Madame Defarge’s accidental death is an example of situational irony. At the beginning of the novel, Madame Defarge believes that she is an agent of fate. Speaking to her husband about the revolution, she says, “although it is a long time on the road, it is on the road and coming […] Nothing that we do is done in vain."
However, the actual circumstances of Madame Defarge’s death contrast her belief that nothing is in vain. Near the end of the novel, she mistakenly shoots herself during an altercation with Lucie’s servant, Miss Pross. In a letter to writer John Forster, Dickens explained that an accidental death was the only fitting punishment for Madame Defarge, since she would have been happy to die in the street, fighting for her cause.
Jerry Cruncher spends so many years doing odd jobs for Tellson’s Bank that he becomes a de facto employee of the respectable institution. However, the scrupulous Mr. Lorry of Tellson’s spends almost the entirety of the novel unaware of Cruncher’s secret moonlight occupation as a “resurrection man,” or in other words, a graverobber.

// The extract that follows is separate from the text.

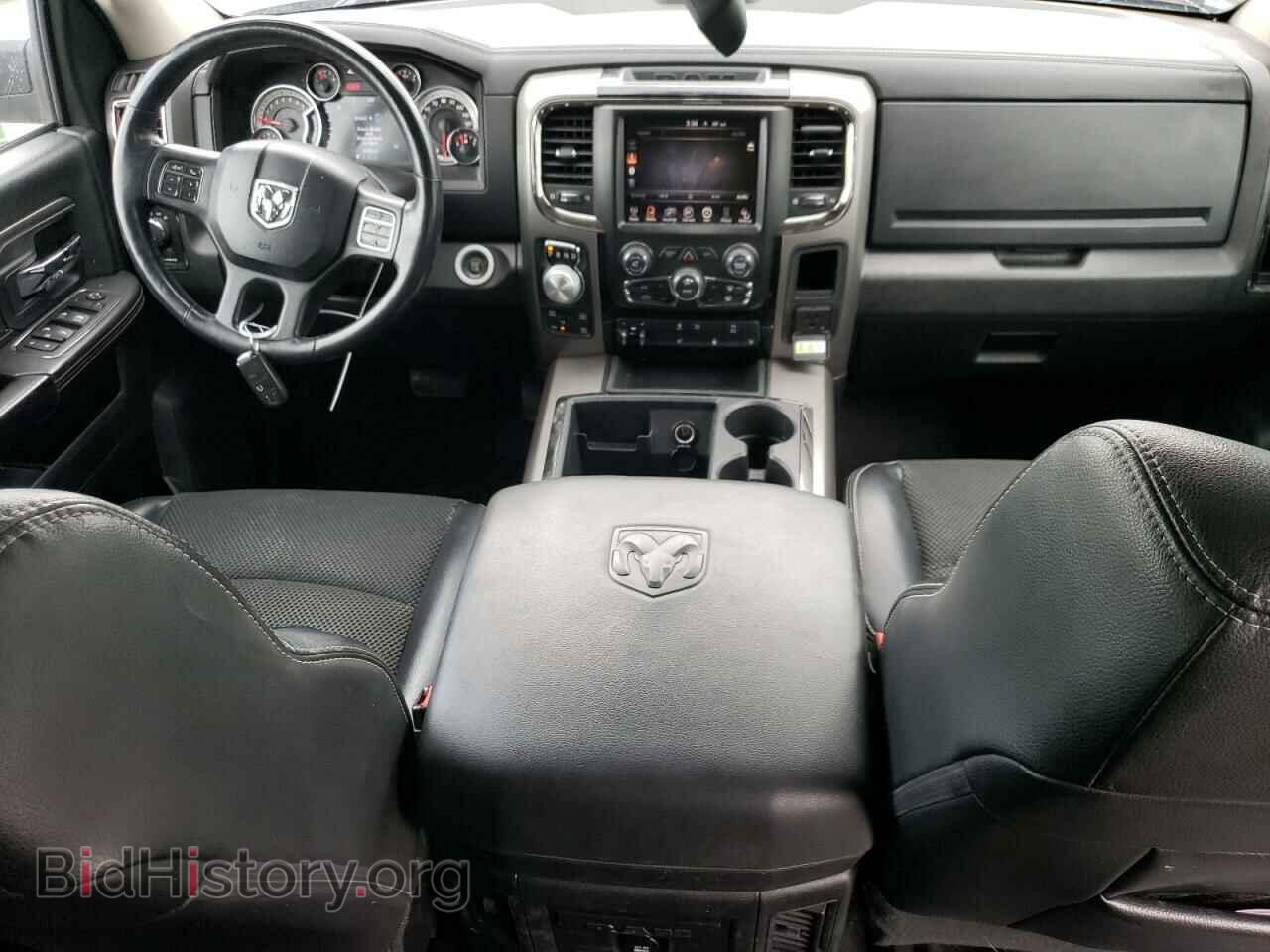 2014 RAM 1500 - VIN: 1C6RR7MT8ES315643 - Фото 8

Though the audience learns of Cruncher’s illegal activities early on, Mr. Lorry remains in the dark until Chapter Eight, Book Three, when, in order to unmask the spy Barsad, Cruncher must reveal how he knew that Roger Cly’s coffin was empty. Only then does Mr. Lorry discover that the self-appointed “honest tradesman” is not so honest. The disconnect between what Mr. Lorry knows and what readers know is an example of dramatic irony.
Dickens uses verbal irony when he describes the prominent place that the guillotine holds in the people’s imagination:
It was the sign of regeneration of the human race. It superseded the Cross. Models of it were worn on breasts from which the Cross was discarded, and it was bowed down to and believed in where the Cross was denied.
Referring to a machine that was invented for mass killing as a “sign of regeneration” is certainly ironic. However, the phrase also contains a kernel of truth, since one of the characteristics of Monseigneur, the synecdochic figure for the aristocracy, is his devastation of the land. By killing off Monseigneur, the revolutionaries hope to usher in a new era of fertility.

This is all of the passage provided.